Beverage

How operators are squeezing profits from water

Earls water

"Our carbonated soft drink sales at Earls.67 reflect a national trend; we’re continually down on carbonated soft drink sales by 8% to 9% on an annual basis at all Earls locations,” says Cameron Bogue, beverage director at the contemporary-casual chain Earls Kitchen + Bar.

About three in 10 consumers are increasingly drinking water at restaurants instead of other beverages for health reasons, shows Technomic’s Beverage Consumer Trend Report. However, many seem to be choosing tap water over bottled water for cost reasons.

In response, Earls.67—a prototype of Earls Kitchen + Bar in Calgary, Alberta—started testing a new idea last summer: housemade carbonated waters in flavors such as guava and celery, cola, and pineapple star anise. The flavored waters are priced at $2 per glass and do not come with free refills.

It’s obvious from the presentation that this isn’t just tap water. We add a garnish to the flavored waters that make them look like a one-time buy, and we’ve never been questioned by guests about it,” says Bogue. The garnishes match the waters—for instance, the celery iteration features a spiralized celery ribbon—and also prevent staffers from accidentally pouring tap water into the glass, says Bogue.

The problem with spa water

Execs who travel a lot have likely run across spa water: that jug of fruit-infused water in a hotel lobby. Many restaurateurs are intrigued with the offering, but at this point, they are learning that infused water can’t be offered at a cost to guests unless there is added value beyond cut-up fruit.

Bogue says, “I was adamant that I didn’t want to charge for spa water. Our infused-water lineup needed to be more valuable, made with extracts, distillates and good garnishes.”

Beverage Director Mat Snapp, who is considering adding a similar option to his self-serve drinks at Fox Restaurant Concepts’ fast casual Flower Child this summer, agrees. “We have to make sure that the value perception is there. You need to offer some specific benefit or flavor component that someone wants to buy,” he says. 

Agua fresca alternatives 

At the original location of Beefsteak, Jose Andres’ fast casual in Washington, D.C., water infused with cucumber and basil sits out for guests to help themselves to—but it’s free. Pat Peterson, Beefsteak’s executive chef, says, “It just doesn’t make sense to charge for it. Guests love it, but they don’t see the value in packing up some veggies and throwing it into a water tower.” This particular water isn’t too costly for the veggie-focused restaurant, as it is able to use its leftover veggie pieces from service in the water. 

Still, charging for it has been a challenge for him, too. Peterson has found success at some other Beefsteak family restaurants by positioning an infused water as an agua fresca as opposed to flavored water. It’s a way to enhance the value perception and be able to charge guests, he says. In addition to appealing to health-conscious consumers, he adds, the drinks are a middle-of-the-road option that allow operators to offer a lower price point than craft sodas. 

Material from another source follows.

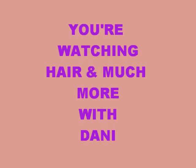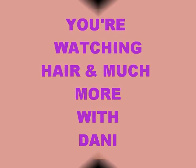Clap hands, daddy comes with a pocket full of blundstone. Hey all my Wigalinas, Weavalinas, and everybody in between, and of course my Gabies. You're watching Dani with hair and much more.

“Look at your entry-level entree price and your workhorse in your beverage program, and try to keep [the signature water option] in the 20%-30% price range of the entree … Anything above is risky,” says Peterson. “There’s a great craft soda out there that costs a lot—$4.50—and when we’re charging $8.50 for a bowl, proportionately that doesn’t make sense.” But the higher the quality of the ingredients used, the higher the cost per ounce, he adds. “It’s a balancing act.”